▶ **About this exercise**
When a picture appears in the listing, leave it out and copy the rest exactly as it stands.

▶ **Source data**
/---
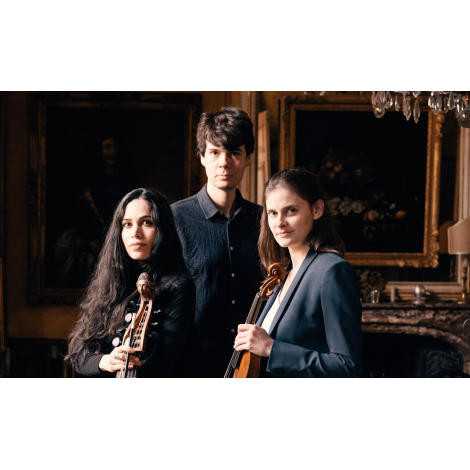 Sophie de Bardonnèche 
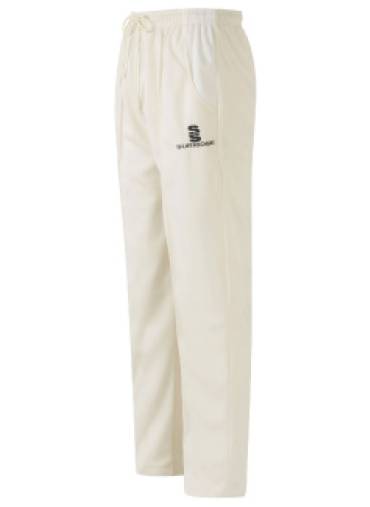 Cricket Trousers, Ellesmere College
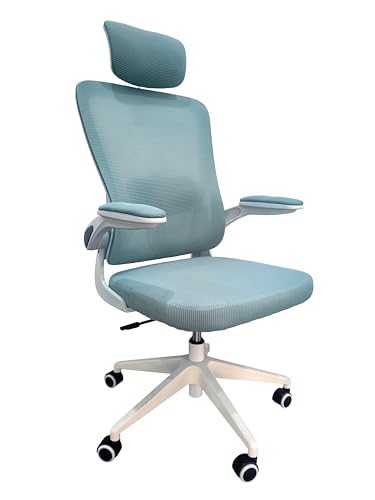 DRIFT GAMING Aire 35: Silla Escritorio Ergonómica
\---
▶ **Solution for this problem**
 Sophie de Bardonnèche 
 Cricket Trousers, Ellesmere College
 DRIFT GAMING Aire 35: Silla Escritorio Ergonómica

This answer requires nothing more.